Starting Our Engine
Okay, time to begin in earnest. The simplest entity that exists at each of the front, middle, and back-end is the literal – a literal representation of data.
I’ll get to data model issues later, but for now we are going to start with json as our data model because, frankly, every system these days ends up needing json support somewhere. We are going to need more types than json supports (we’ll need a set type and a special case of sets, the relation type; eventually we’ll also want some gnarlier things like elias-encoded bignums, tensors, gensyms, and atoms) but we start here.
So for our first thread through the system, we say that the front end has a
real parser (because it is meant to have human-friendly features); the middle
end uses vanilla Vector
and HashMap
representation of that data
(eventually we will want less-vanilla conctree lists, and maybe some sort of
headwords list); the back end will store that data back as something dumb (in
the near term json, a format simple enough that it doesn’t need a “real”
parser).
Obviously this is useless; that’s fine, we’re not trying to be useful yet.
Never write your own parser
If you have classical CS training, you spent a chunk of time on computational grammars, LR(1) and LALR and maybe if you are a young person PackRat or something. And as part of this training you had to write a parser, or a parser-lexer stack, or a semantic actions interpreter, or something.
Due to your level of experience at this point in your career you have met Zalgo at least once, and have at least some vague notion that the horror of that encounter had something to do with the Chomsky hierarchy. Possibly you know one or more jokes about Nim Chimpsky, or clever facts like that regular expressions are not themselves a regular grammar that seemed much more interesting when you were in an atmosphere with a measurable THC1 content.

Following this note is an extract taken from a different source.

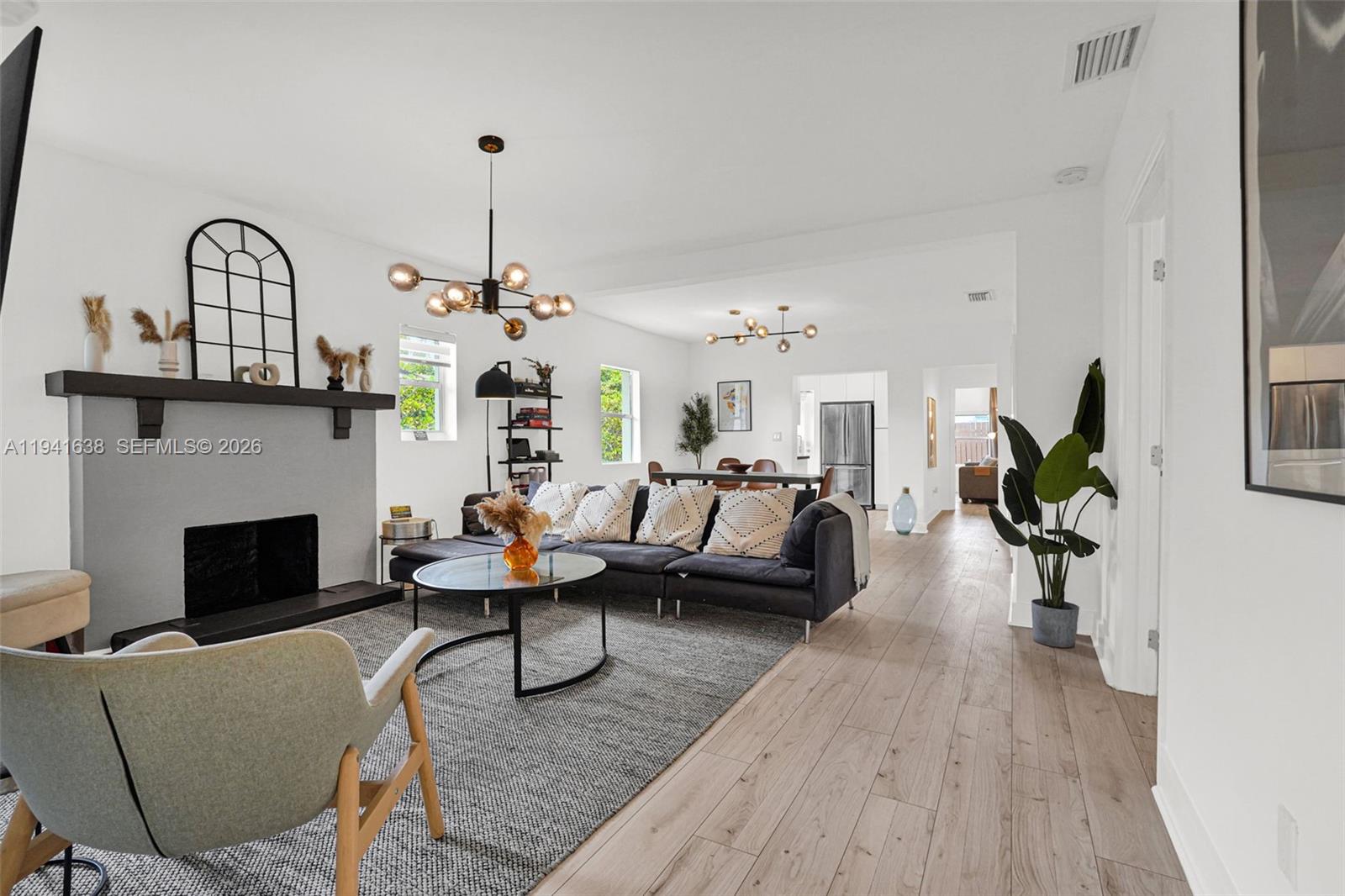 37 NW 47th St Miami, FL 33127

In short, you are intellectually qualified to write a parser. DO NOT DO THIS THING.
The point of learning to write a parser was never to write parsers. Smart, neurologically Lovecraftian individuals have written parser generators and parser combinators so that those of us whose neural spices come in “medium verbal” or milder don’t have to.
The point of learning how to write a parser is that it is the only way to understand parser error messages. When a parser generator tells you that you have a serial repetition ambiguity or something, your experience writing a parser will activate a long-dormant neuron that will tell you, oh, that’s the thing that happens because order of operations, or maybe that’s the thing that order of operations happens because of, or something, and thereby you will save yourself from a level of frustration typically associated with snapping and driving an armored bulldozer over your neighbor’s oleaceae forsythiae.
Every programming language that doesn’t suck has a parser generator or (more modernly) parser combinator or (if they’re kinky) a parser expression grammar library of which everyone says, “oh, just use that thing, even though its authors are scary and make bizarre lifestyle and/or build system choices.” Use that one.
Rust has not quite reached that level of maturity, but it’s closing in on it:
serde
is overwhelmingly canonical for serialization/deserialization, and
nom
has about twice as many users as its nearest competitor for parser
generation.
We will use nom
for now, and although we won’t need sophisticated
deserialization for some time we’ll plan to use serde
when the time comes.
One small complexity appears instantly: nom
changes its API regularly,
including changing the return types of existing functions. So we need to
version-pin nom
. For the moment we’ll just pin its major version and hope
that it respects semver.
cargo add nom@~8 serde
A brief note
It is a depressingly common convention in query languages that their output
grammars are not in their input grammars; for instance, the result of an SQL
query is typically not valid SQL. There’s a (bad) reason for this, which I’ll
probably get to when I get on my query language soapbox in a later post; for
now understand that that’s why I’m not concerned about nom
’s lack of
serialization.
We will pay a large price for this later, but we can’t avoid it.
This PR
Introduces serde
and nom
into the codebase around a trivial tagged union
of literals. No new or interesting system-level behaviour.
This PR is considerably more than 50 lines, so it certainly contains serious defects, as we will see in the next post. I have deliberately run implementation a bit ahead of testing and comments for illustrative purposes, so the code quality at this revision is somewhat poor.
This blog post corresponds to repository state post_06
Lunar metadata: This is an expansion phase; the scope of the codebase grows.
-
Note for modern readers: “THC” is the chemical people used to recover from staring into the NP-abyss after LSD-25 went out of fashion but before spironolactone and fursuits became widely available. ↩︎